#### Problem description
There is material below. Print exactly the lines starting at the line with "view of pool" and ending at the line with "a bowl of soup with a spoon in it", ends included, and no others.

#### Working data
== Segment start ==

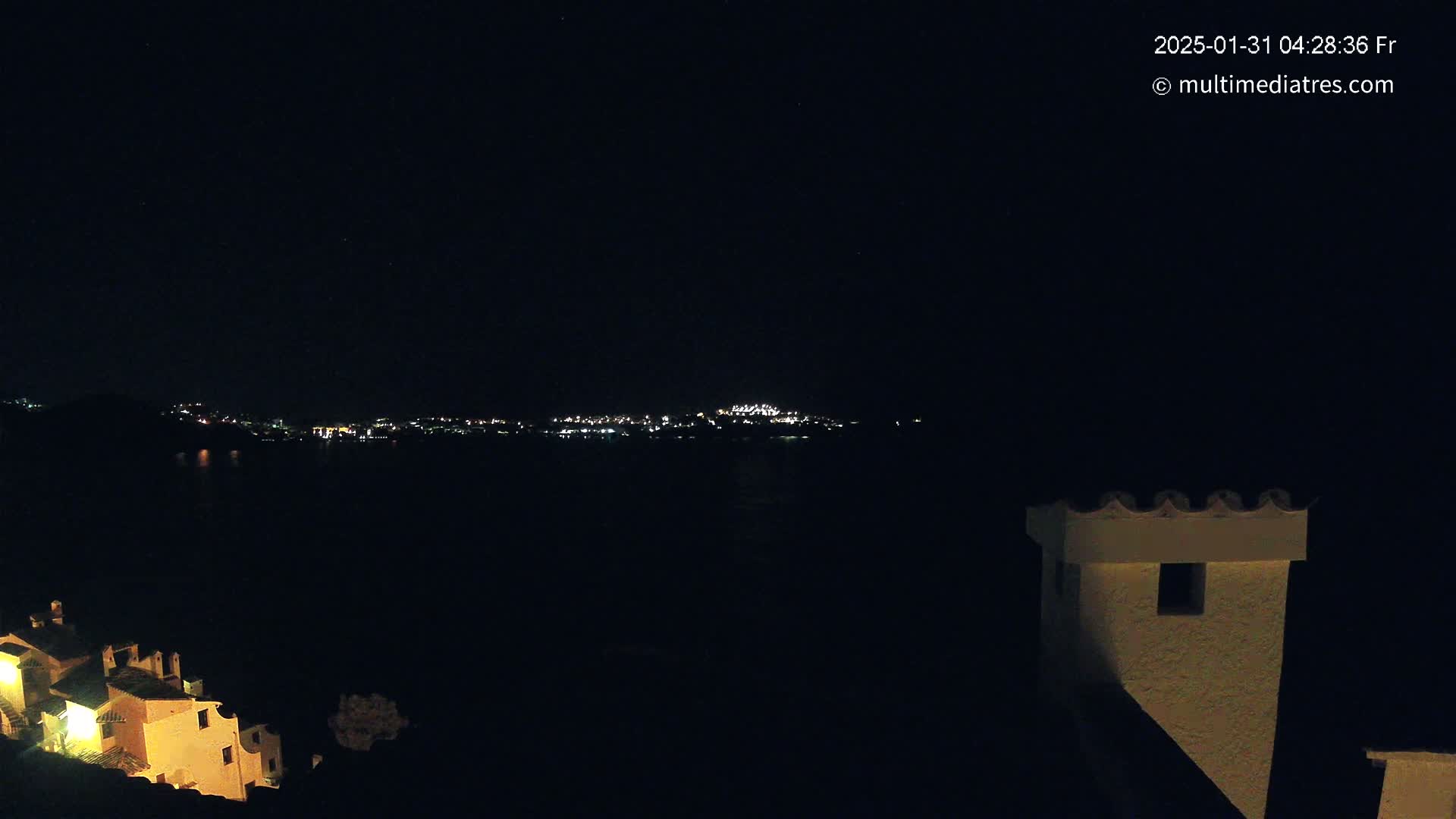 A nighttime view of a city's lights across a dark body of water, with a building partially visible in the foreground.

== Segment end ==
== Segment start ==

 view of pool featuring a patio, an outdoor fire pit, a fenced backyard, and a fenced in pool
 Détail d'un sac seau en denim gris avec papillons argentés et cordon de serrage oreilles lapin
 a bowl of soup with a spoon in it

== Segment end ==
== Segment start ==

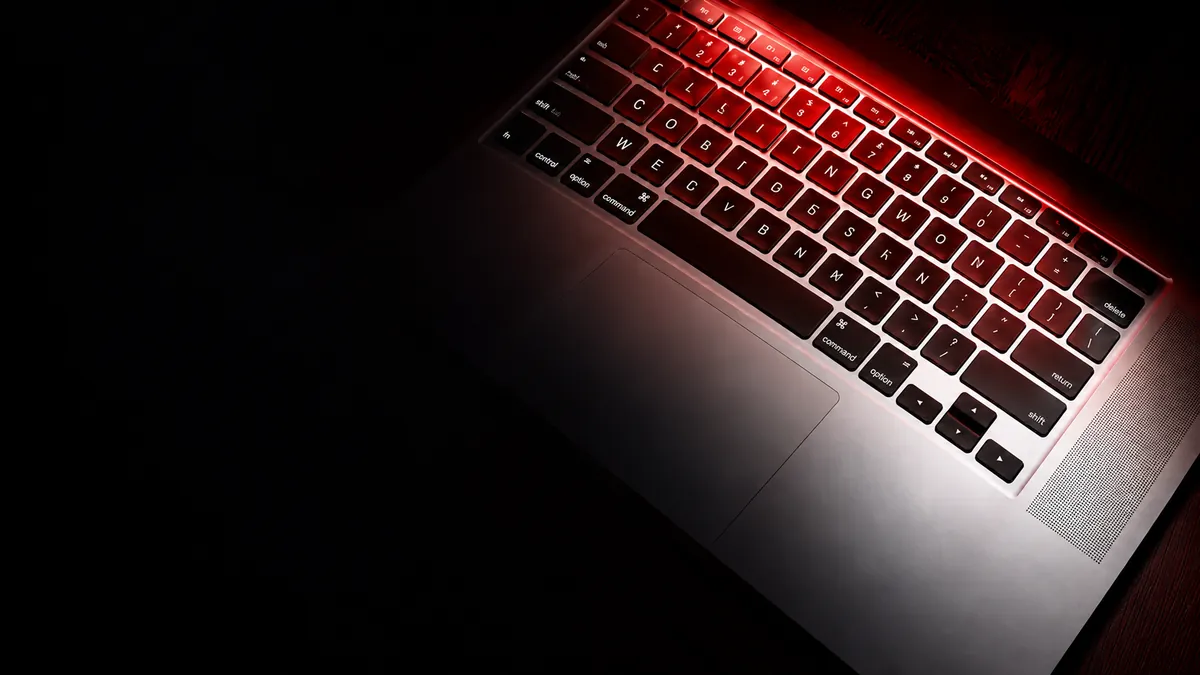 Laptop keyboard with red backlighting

== Segment end ==

#### Answer to this exercise
 view of pool featuring a patio, an outdoor fire pit, a fenced backyard, and a fenced in pool
 Détail d'un sac seau en denim gris avec papillons argentés et cordon de serrage oreilles lapin
 a bowl of soup with a spoon in it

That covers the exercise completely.